Welcome to Martial Talk.
There's alot of info here and if you use the 'Search button' at the top middle right  of the page, I'm sure you'll find all sorts of previous posts on weight training.

Enjoy~

~Tess
MT S. Mod


----------



## Ceicei (Jun 1, 2004)

Would you explain what type of weight training program you are considering?  Are you looking for strength, toning, or stamina training?  We would be able to answer your questions more.  

There are a lot of threads that address this issue in the Health forum on this board.
- Ceicei


----------



## RRouuselot (Jun 1, 2004)

brandon said:
			
		

> hey everybody ,i am looking for someone to help me with a wieght training program that is martial arts specific,and i can not seem to find any good information


 
Brandon, 

I am a Certified Personal Trainer ........what are your goals? Weak areas? Strong areas?

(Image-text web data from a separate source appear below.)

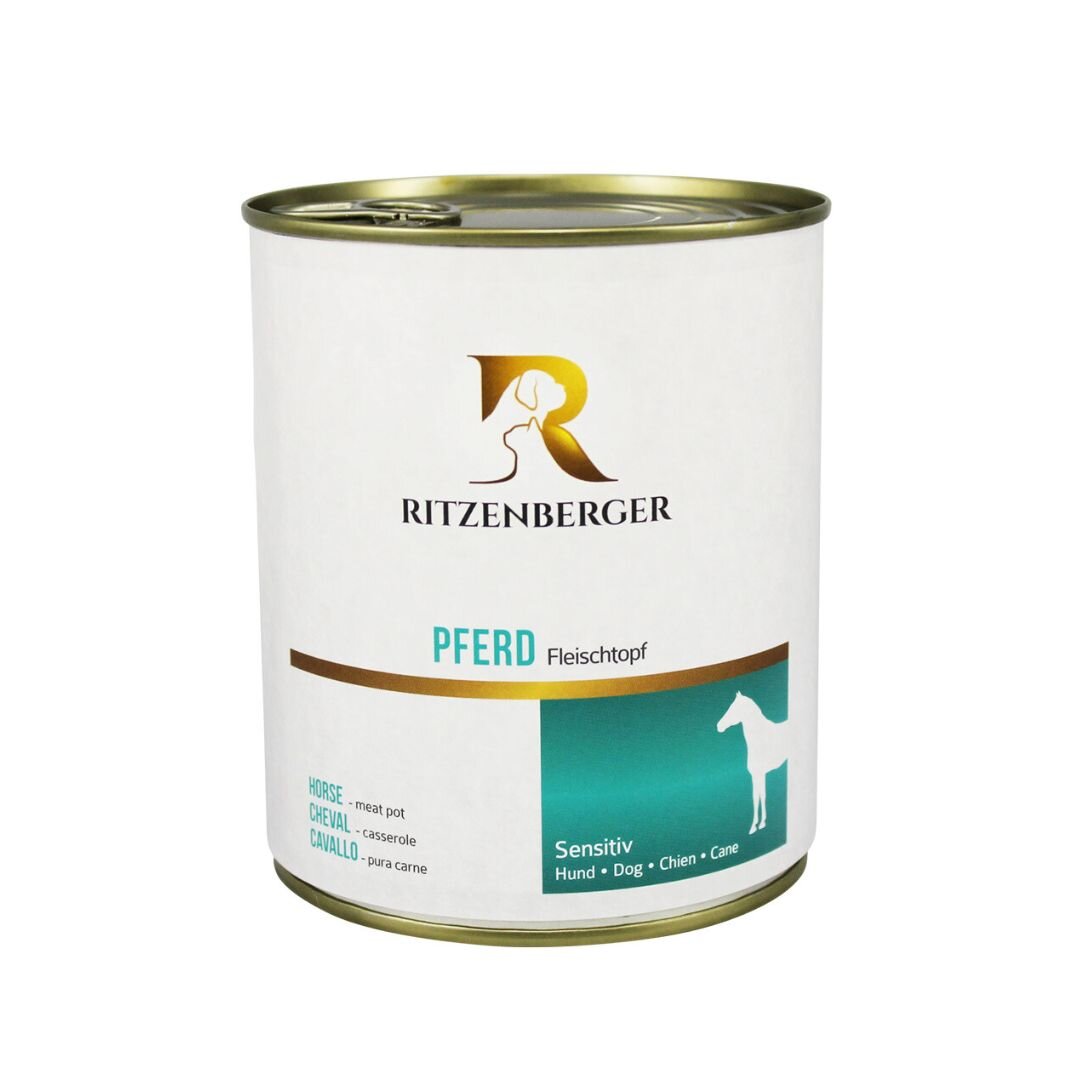 Puszka z białą etykietą, na której widnieje logo Ritzenberger oraz napis \'PFERD Fleischtopf\'. Na etykiecie znajduje się także sylwetka psa i tekst \'Sensitiv Hund • Dog • Chien • Cane\'.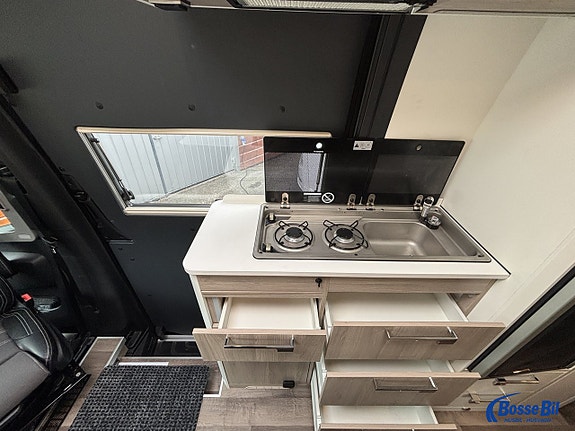 Kabe Van CRV 690 LB * AC * Litium * Solceller * 14 of 21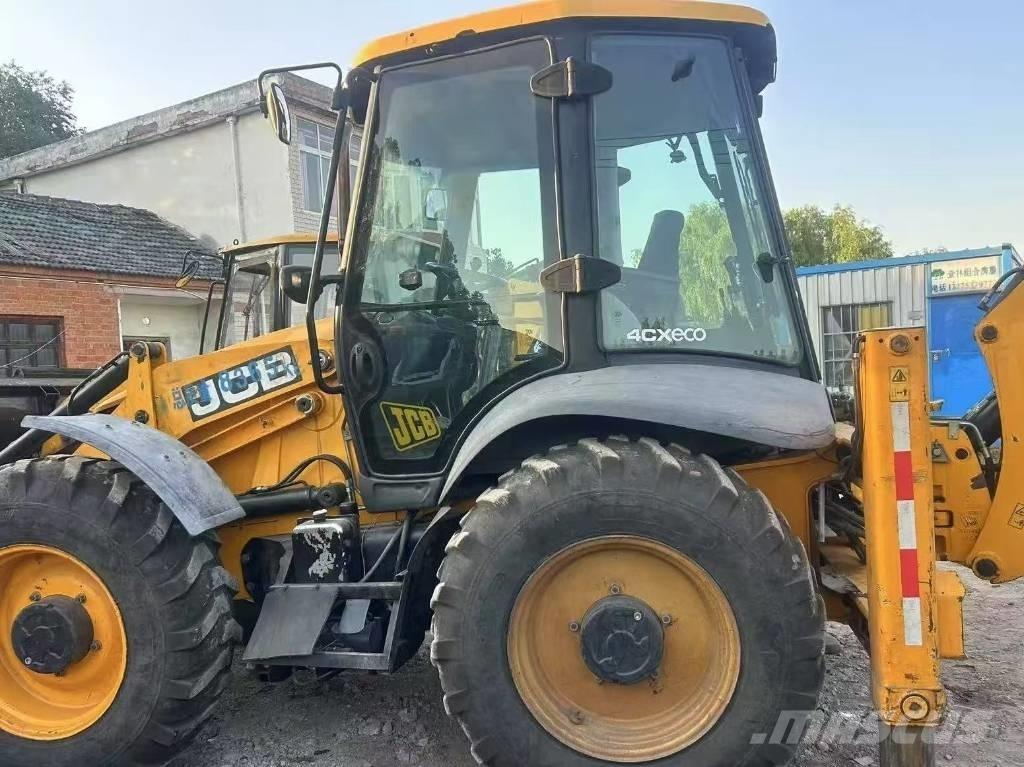 JCB 4 CX Товарач със заден ексватор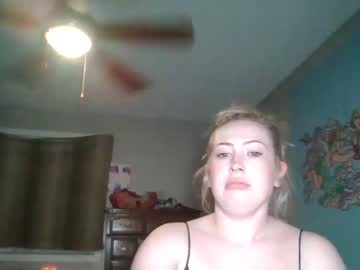 girl Cam Whores Swallowing Loads Of Cum On Cam & Masturbating with daisyblaze444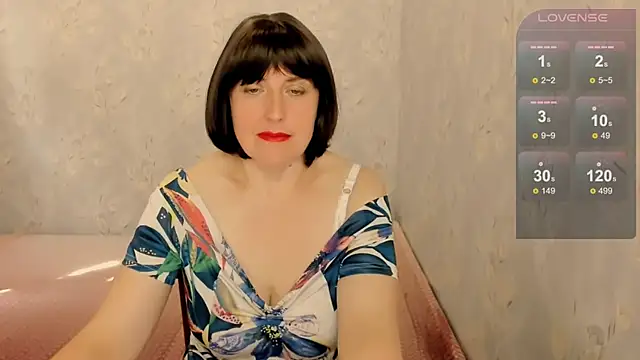 Snapshot of Rainbow_lady chatting on 06-25-26, 05:12 Rainbow lady online show from 06-25-26, 05:12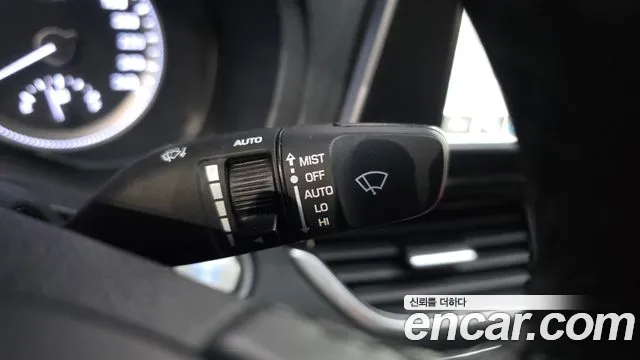 Hyundai Grandeur 2017 thumb 12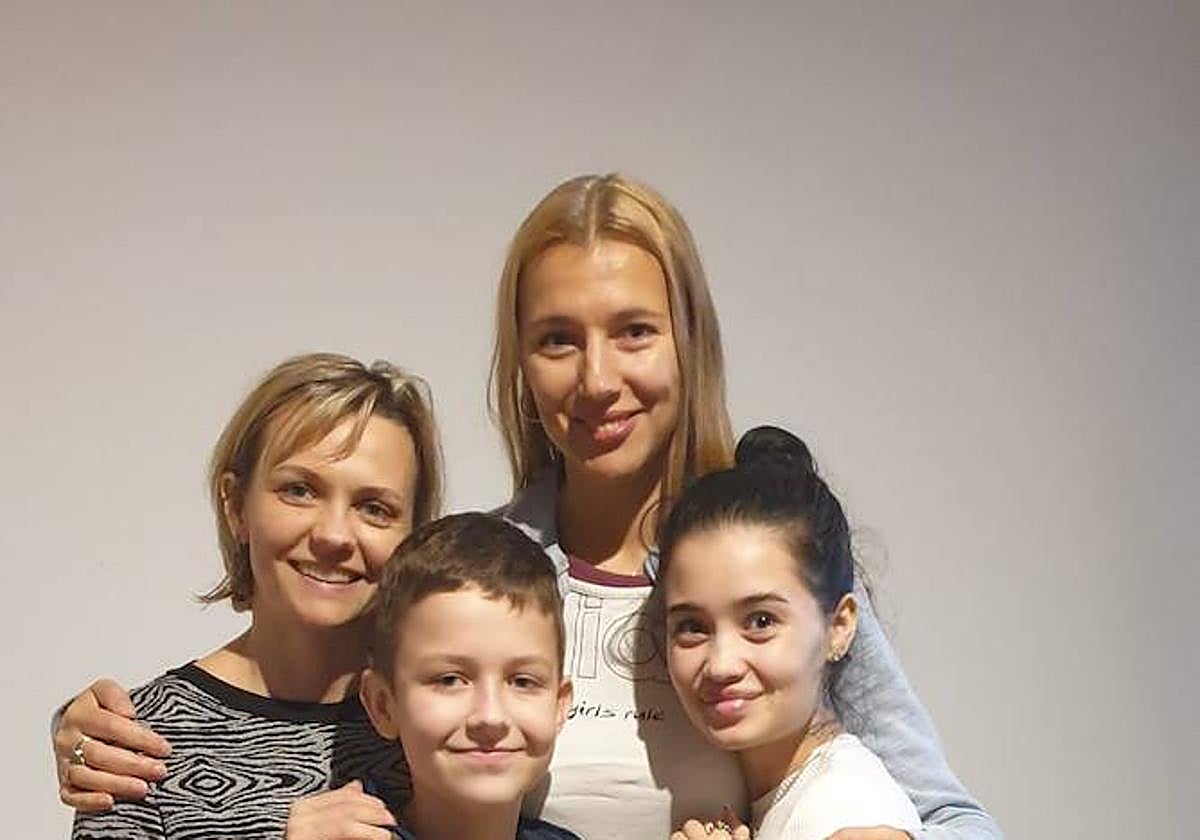 Olga Tshysevska, la segunda por la derecha, junto a la familia ucraniana que acogió en Donostia.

Maybe I can help........


----------



## Shinzu (Jun 2, 2004)

welcome brandon.  good to have you here.  i hope you get the help you are looking for.  what style are you studing and what type of weight gain are you looking for?  mass or muscle?

again welcome aboard!!!


----------



## brandon (Jun 2, 2004)

hey everbody thanks for the informatoin ,to answer I'm a blue belt in meibu-kan goju-ryu karate but i don't know how to get it to show .Also i would like to train for stanima and tonning.


----------



## Shinzu (Jun 2, 2004)

running will improve on your stamina.  it will also build tone muscles.

light weight lifting will improve on your tonning.

along with your regular training, you should do very well.


----------



## Fair Xchange (Jun 3, 2004)

I found this on another forum - hope it helps you:
http://www.geocities.com/sadenoo2/conditioning.html


----------



## Touch Of Death (Jun 3, 2004)

brandon said:
			
		

> hey everybody ,i am looking for someone to help me with a wieght training program that is martial arts specific,and i can not seem to find any good information


Hi and welcome to Martial Talk Brandon, I'm sure our members can provide you with a link. :asian: 
Sean


----------



## okinawagojuryu (Jun 7, 2004)

Brandon ,

     Ask your instructor about Hojo Undo . Within Goju there are supplemental execises called Hojo Undo , your instructor should know them if he is affiliated w/ The Meibukan . It is also called Kigu Undo by some . If you need some more info , just lemme know .


----------